Parahnya, kata Livia, Herry juga memanfaatkan bayi-bayi korban untuk meminta dana bantuan pada sejumlah pihak. Bayi-bayi malang yang dilahirkan para korban, oleh Herry diakui sebagai anak yatim piatu.
Karena itu, Livia mendorong Polda Jawa Barat untuk mengusut dugaan eksploitasi ekonomi yang dilakukan Herry.
“LPSK mendorong Polda Jabar juga dapat mengungkapkan dugaan penyalahgunaan, seperti eksploitasi ekonomi serta kejelasan perihal aliran dana yang dilakukan oleh pelaku dapat di proses lebih lanjut,” tambahnya.

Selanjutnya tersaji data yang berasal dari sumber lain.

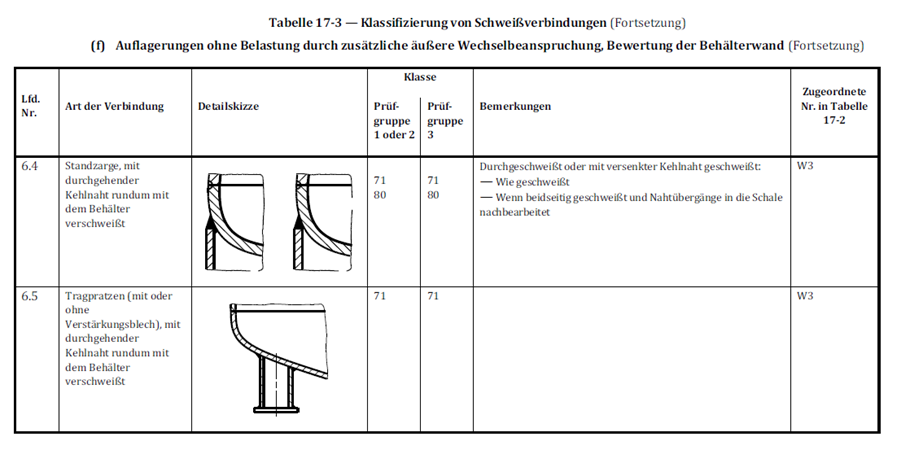 Ein Bild, das Text, Screenshot, Diagramm, Reihe enthält.

Automatisch generierte Beschreibung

Kuasa hukum korban, Yudi Kurnia, mengatakan para santriwati tak 100 persen belajar di pesantren yang dikelola Herry.
Mereka mengaku selama ini dijadikan mesin uang oleh Herry. Setiap harinya, Herry menyuruh para santriwati membuat proposal untuk menggaet donatur agar mau berdonasi untuk pesantren mereka.
Menurut Yudi, tugas membuat proposal tersebut dibagi di antara santriwati.
Ada yang bertugas mengetik dan membereskan proposal untuk menggalang dana.
Banyak netizen yang meminta kejahatan berlapis oleh predator seks keji begini diganjar hukuman mati, atau minimal penjara plus kebiri. Salah satunya,
Henny Yuliani, warga Ujungberung, tak terlalu jauh dari lokasi kejadian.
“Soalnya sudah di luar perikemanusiaan. Dia juga merusak citra Islam, padahal itu pendidikan Syiah. Kasihan orangtua korban juga, terlanjur berharap anaknya dapat pendidikan, malah dapat musibah,” ujar Henny.